McAuliffe says times demand experienced leadership
RICHMOND, Va. (WDBJ) - During a recent campaign stop in Richmond, Terry McAuliffe toured a new Boys and Girls Club teen center that will offer training in technology and building trades.
It’s the kind of investment he says Virginia will need to make sure all Virginians participate in a post-COVID economy.
“Teens come in here. They learn skills, entrepreneurship, how to start businesses,” McAuliffe said. “This is a model for the Commonwealth of Virginia.”
“You know when you’re elected Governor, you’re not elected a Democratic Governor or a Republican Governor,” McAuliffe said in a campaign ad. “You’re elected Governor of the entire state. And from the second I took that oath of office I got out of bed trying to help everybody. I didn’t care what their political persuasion was.
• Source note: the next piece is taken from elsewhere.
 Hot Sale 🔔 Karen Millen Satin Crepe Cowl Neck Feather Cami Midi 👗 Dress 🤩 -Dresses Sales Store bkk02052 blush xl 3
I’m going to lift everybody up.”
McAuliffe says he led Virginia through challenging economic times during his first term as Governor, and is ready to do it again as Virginia continues to emerge from the pandemic.
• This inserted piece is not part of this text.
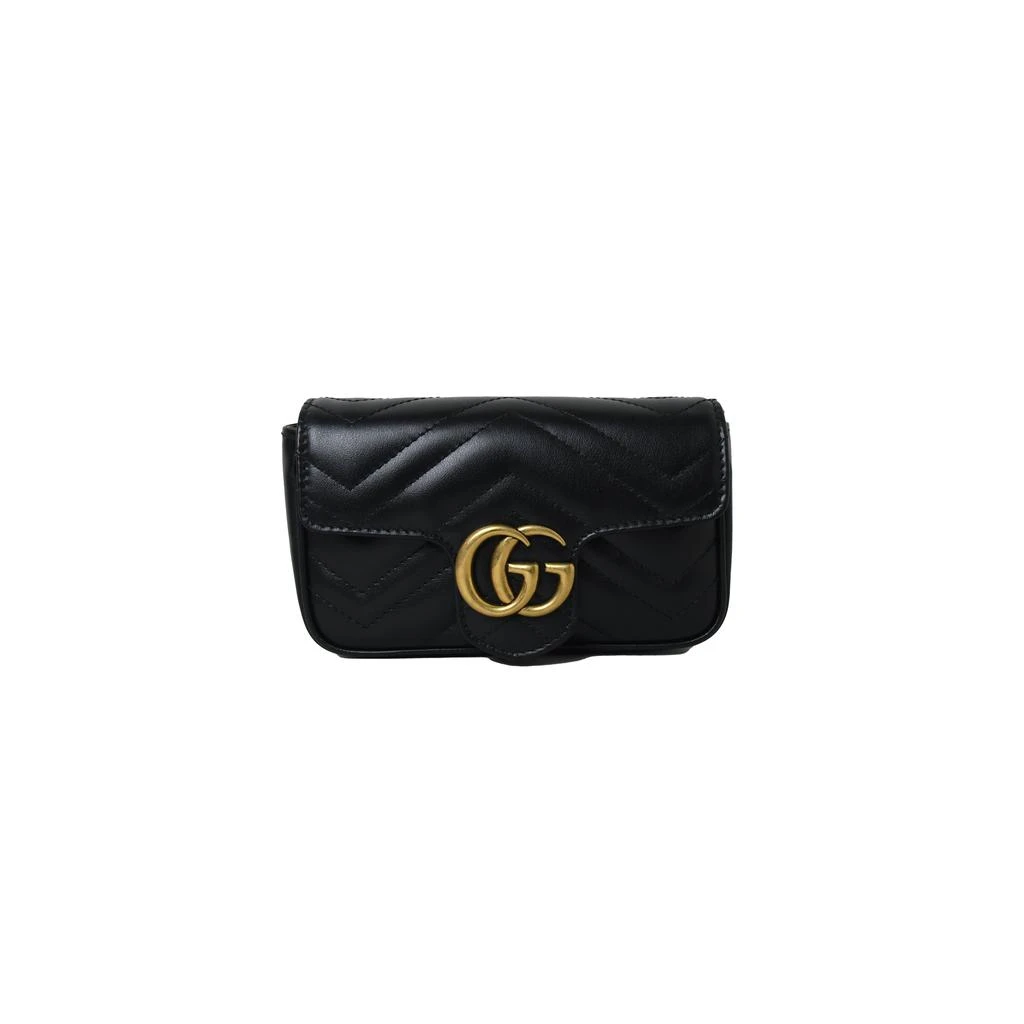 商品Gucci|Gucci GG Marmont Matelasse Super Mini Bag Black,价格¥9667,第1张图片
“You know 10% of our population has been infected. Nearly 13,000 Virginians have died. And we’re going to be living with this, so you’re going to need a Governor who’s got the experience to come in, lift everybody up, rebuild our health care system, deliver a world-class education and create high-paying jobs,” McAuliffe said. “This is not on-the-job training for me. I did it before. I’m going to do it again.”
McAuliffe’s Republican opponent Glenn Youngkin has attacked Democratic leadership on issues including public safety, argued that McAuliffe’s priorities would require the biggest tax increase in Virginia history and has hammered the Democrat on a comment he made during the most recent debate: “I don’t think parents should tell schools what to teach.”
McAuliffe has said he was speaking about specific legislation, and that Youngkin has taken his words out of context.
“If you want to talk about public education,” McAuliffe said, “please don’t take my word for it, read the Roanoke Times or the Washington Post or the three independent studies. He wants to take money from public schools and put them into private schools. That’s what he wants to do. He will cut 43,000 teachers in his plan. $10 billion will be taken out of education.”
“But you want to talk about public education? That’s the reason I got in this race. I want us to have the best public education in the country.”
Early voting continues through Saturday, with the final opportunity to cast a ballot on Election Day next Tuesday.